# Murray muscle bike help.



## bigqueezy (Jun 18, 2019)

First, I am a BMX guy. So please excuse my ignorance when it comes to muscle bikes. I picked up 2 muscle bikes in a package deal the 1st is a Murray Wildcat with no serial #. The second is a F5 Ranger. The second as far as I can figure out through my searching seems to be made by Murray for the Ranger bicycle company. Any info would help, I love the knowledge. On the Wildcat, is it did am I looking in the wrong place for serial number? Do you think it's possible the dropout was replaced? Could it be a fake?


----------



## Slick4d4d (Jun 19, 2019)

Don't think anything was replaced. As for the location of any number is there anything under the crank?


----------



## rfeagleye (Jun 19, 2019)

Nice pick ups there! The Wildcat was made after 1971. In 1971 they started sticking that BMA-6 sticker on the seat tube. from the looks of it, I would guess that is a 1973-1974 built bike.
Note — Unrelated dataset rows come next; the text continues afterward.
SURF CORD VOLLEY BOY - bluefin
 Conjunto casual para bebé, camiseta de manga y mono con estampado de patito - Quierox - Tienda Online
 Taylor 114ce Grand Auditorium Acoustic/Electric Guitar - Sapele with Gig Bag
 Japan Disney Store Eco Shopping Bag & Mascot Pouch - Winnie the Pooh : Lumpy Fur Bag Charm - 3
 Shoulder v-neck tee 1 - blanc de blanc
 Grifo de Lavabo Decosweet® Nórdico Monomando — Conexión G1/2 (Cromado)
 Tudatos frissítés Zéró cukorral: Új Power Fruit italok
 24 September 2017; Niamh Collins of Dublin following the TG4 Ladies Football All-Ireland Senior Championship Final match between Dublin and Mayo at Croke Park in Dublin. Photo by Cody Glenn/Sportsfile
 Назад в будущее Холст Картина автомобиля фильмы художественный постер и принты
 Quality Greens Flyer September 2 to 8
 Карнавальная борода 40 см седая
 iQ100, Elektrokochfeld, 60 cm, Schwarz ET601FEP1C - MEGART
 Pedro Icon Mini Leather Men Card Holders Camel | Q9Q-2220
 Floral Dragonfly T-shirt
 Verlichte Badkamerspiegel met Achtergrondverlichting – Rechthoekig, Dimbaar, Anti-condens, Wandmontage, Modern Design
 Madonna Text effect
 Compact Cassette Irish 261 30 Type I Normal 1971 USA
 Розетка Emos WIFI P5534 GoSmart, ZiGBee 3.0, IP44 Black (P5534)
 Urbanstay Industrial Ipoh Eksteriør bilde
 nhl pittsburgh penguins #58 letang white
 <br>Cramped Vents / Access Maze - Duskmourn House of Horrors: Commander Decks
The F-5 is very cool! That is a Murray Eliminator, just sold with a Ranger badge. That one looks like a 1969 or 1970, based on the seat and the pedals. It *should* have a serial number on the frame on the non-drive side rear dropout. See if there is one there and post it up, and then search this site for the "Murray Serial Number Project" and you'll find a post with a decode for the numbers. 

Hope that helps!


----------